South African deserve apology - National Assembly speaker

Siviwe Feketha Political reporter
Speaker of parliament Thandi Modise testifies at the state capture inquiry in Johannesburg. File photo.
Speaker of parliament Thandi Modise testifies at the state capture inquiry in Johannesburg. File photo.
Image: Veli Nhlapo

The ANC should have promptly acted when state capture allegations relating to former president Jacob Zuma and his controversial ties with the Gupta family surfaced within the party’s structures several years ago.

This is according to National Assembly speaker Thandi Modise, who testified before the Zondo commission of inquiry into state capture yesterday alongside National Council of Provinces chairperson Amos Masondo.

Modise said South Africans deserved an apology from parliament over its failure to timeously investigate some of the allegations of corruption and state capture when they surfaced as portfolio committees were legally empowered to investigate.

Modise said the ANC should have dealt with the serious allegations when transport minister Fikile Mbalula revealed to the party’s national executive committee that he had been told by the Guptas in 2011 that he was to be appointed by Zuma as the minister of sport.

ANC national chairperson Gwede Mantashe has told the commission that the party’s integrity commission had told Zuma to step aside as early as 2013 over the allegations.

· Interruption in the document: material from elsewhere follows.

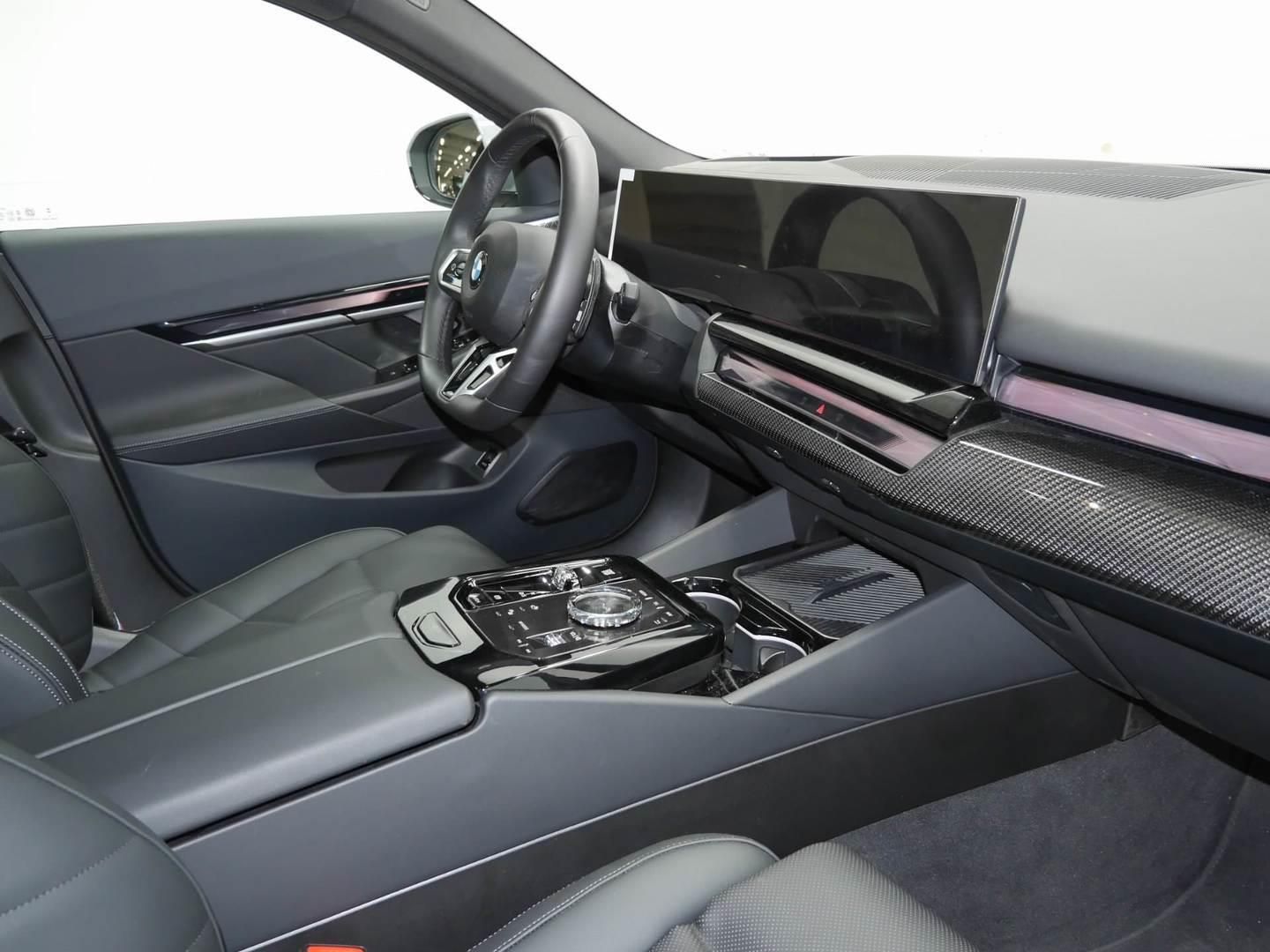 BMW Řada 5, 540d xDrive Touring M PRO - fotka 5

Modise said the party should have probed and taken action over the matter as some of the revelations were made in its top structures, including by Mbalula, before MPs were expected to act on the matter.

“The ANC, knowing, getting evidence and perhaps even proof, should have dealt with their internal problem and should have acted rather than to say ‘we will sit back and see if parliament will take this matter’.

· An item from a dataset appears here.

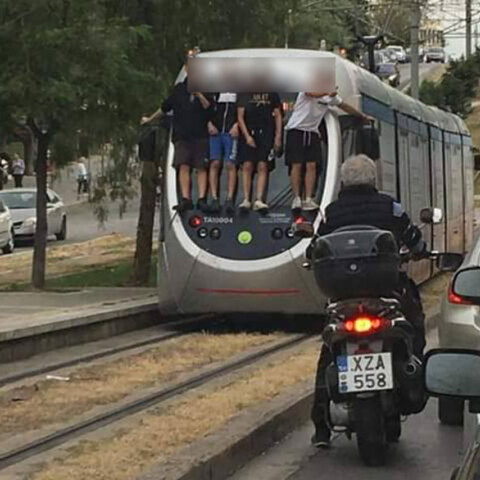 mathites-neasmyrni-tram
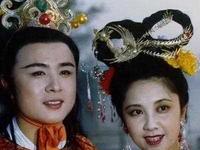 15788efa-741c-4617-bf7e-592aa1b0b9f5_2.jpg 最美“女儿国国王”,年近七十膝下无子,原来竟是“丁克家庭”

“If Mantashe said that they knew as early as 2013 that they should have done something about it in their collective so that today we don’t hammer MPs who do not sit in that NEC and who may not have heard at firsthand what Mbalula had said at that time,” she said.

However, Modise admitted before the commission that parliamentary portfolio committees had been wrong by dragging their feet in investigating various allegations of corruption that had been reported in the public domain.

She said the portfolio committee on public enterprise was erroneous in refusing to initiate an inquiry into the Eskom-related corruption allegations against the Guptas in 2017 on the basis of a legal opinion that said it had no powers to summon them and investigate their alleged activities.

“When members are sworn in they do not only get the constitution, they also get the copy of the rules, so even an ordinary member who is not a chairperson would have known that it was and still is within the powers of the committee to investigate,” Modise said.

She told the commission that MPs had been likely reluctant to take on the executive as part of oversight as they feared that this could limit their political careers and that they would be viewed as behaving like opposition MPs.